Non era lavoro per comprarmi da mangiare, per sedermi a una tavola, saziarmi i vuoti spaventosi dello stomaco dopo ore e ore di fatica.
Non era per dare da mangiare ad una donna perchè potesse continuare a vivere, a respirare, a riempire una casa, non era perchè una nidiata a bocca spalancata avesse cibo a sazietà. Perchè è povertà vedersi mangiato il proprio lavoro, un boccone dopo l'altro, bevono sangue, mangiano carne viva del proprio essere che si fa a pezzi per guadagnare, a forza di lavoro, quello che poi loro interamente si mangeranno.
E' povertà anche se chi mangia tutta la propria fatica sono bocche immensamente amate.
E' povertà anche se dev'essere gioia indicibile vederli crescere su, sani e forti, è povertà perchè il loro crescere costa il proprio logorarsi, sul lavoro, ogni giorno.

(La gioia incredibile quando un giorno ho dato la busta, ancora chiusa, della quindicina ad un operaio che mi chiedeva un prestito perchè gli nasceva un bambino).
Non sono povero di questa povertà essenziale. Non mi sarà forse dato di vivere in questo povertà. Anche perchè forse per noi è quasi impossibile (a meno che non cambino molte cose) vivere unicamente del frutto del nostro lavoro.
Perchè lavoro non è vivere alle spalle di Dio e di Gesù Cristo, della Madonna e dei Santi. E nemmeno è lavorare l'amministrazione dei Sacramenti e il gridare la Parola di Dio sui pulpiti, sia pure sudando abbondantemente per l'empito dell'oratoria. Portare al cimitero ì morti recitando Rosari sarà opera di misericordia, ma non è un lavoro. Così pure visitare i malati. E nemmeno fare religione nelle scuole e il catechismo ai bambini...
Mi hanno sempre detto che il sacerdozio è una missione, o, per usare una parola orribile, ma d'uso ecclesiasticamente accettato, un ministero, ma è offesa e irriverenza grave - così ho sempre sentito dire - passarlo come una professione e tanto peggio come un lavoro.
Non sarà mai povertà vivere sfruttando una missione, facendo rendere un dare le cose di Dio, l'amministrare le cose sacre.

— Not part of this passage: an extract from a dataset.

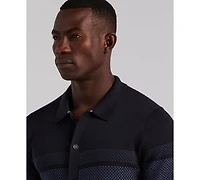 Perry Ellis Men's Textured Button Front Shirt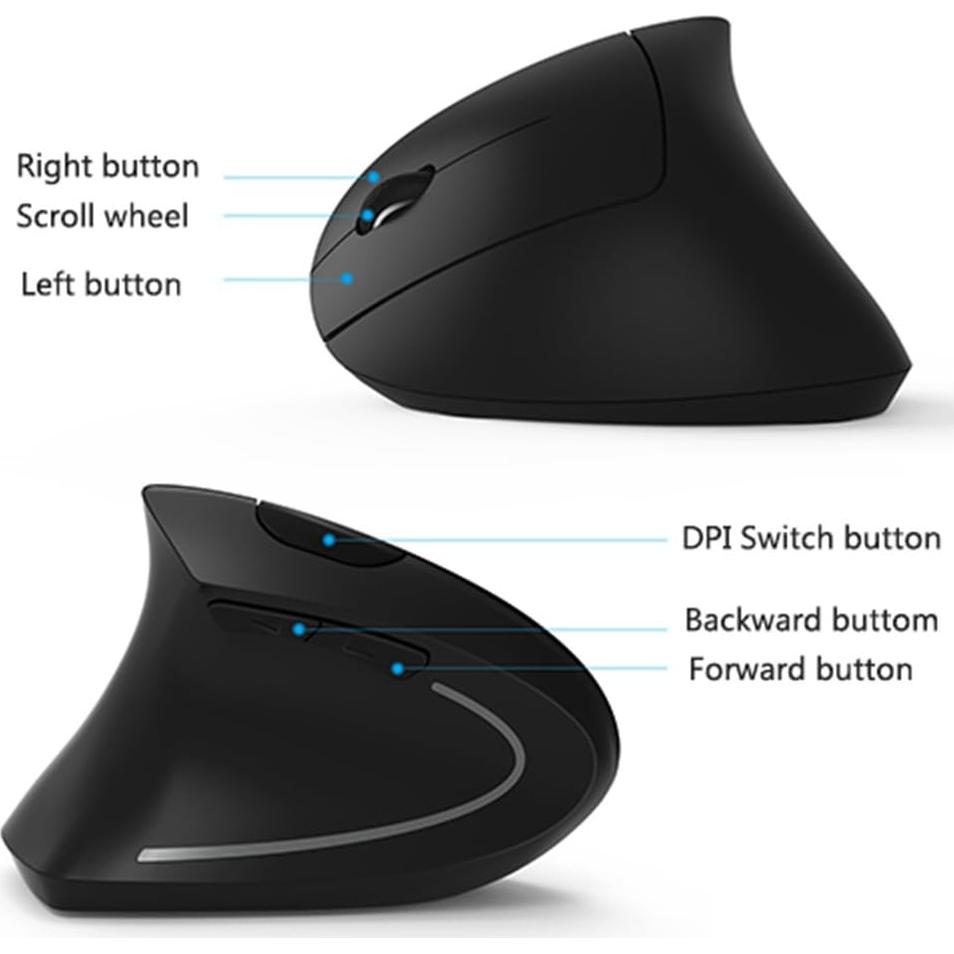 Ratón Vertical Ergonómico Lekvey para Zurdos Inalámbrico 2.4 GHz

Che uno abbia il diritto di vivere dell'altare, dato che vive per l'altare, d'accordo, ma che fare così comporti una povertà non mi pare possibile. Se mai comporterà una particolare posizione di privilegio, come del resto è sempre, più o meno, successo.
E' proprio doloroso trovarsi nel dovere di insegnare e quindi logicamente testimoniare (anzi, a regola, si dovrebbe prima testimoniare e poi insegnare, come succedeva a Gesù) che la povertà è valore essenziale nel Cristianesimo e poi scoprirsi nella situazione di non poterla vivere con totale sincerità. Perchè dare dei pacchi, provvedere vestitini, offrire mille lire non è detto che dia di essere poveri della vera, santa povertà cristiana.
Ho paura di non avere nemmeno il coraggio della povertà. Non so pensarvi seriamente e onestamente. E le ragioni capaci di ovattarne il problema sono così tante e vengono su appoggiate a un enorme buon senso, rafforzate da prudenti saggezze, sostenute ormai da consuetudini immemorabili.
E continuo a mangiare il pane che non ho sudato e il companatico che non mi sono guadagnato. Continuo a sopportare (e me ne faccio quasi un diritto) che siano gli altri a lavorare per il mio mangiare e a faticare per il mio vestire. In cambio offro ciò che non è mio, ciò che non è fatica mia, non do del mio sangue e della mia carne. Vivo amministrando le cose di Dio, pagando con ipoteche in Paradiso.
E' un po' terribile per me credente, seguace, testimone "del fabbro di Nazaret" (Mc. 6, 3) Figlio di Dio.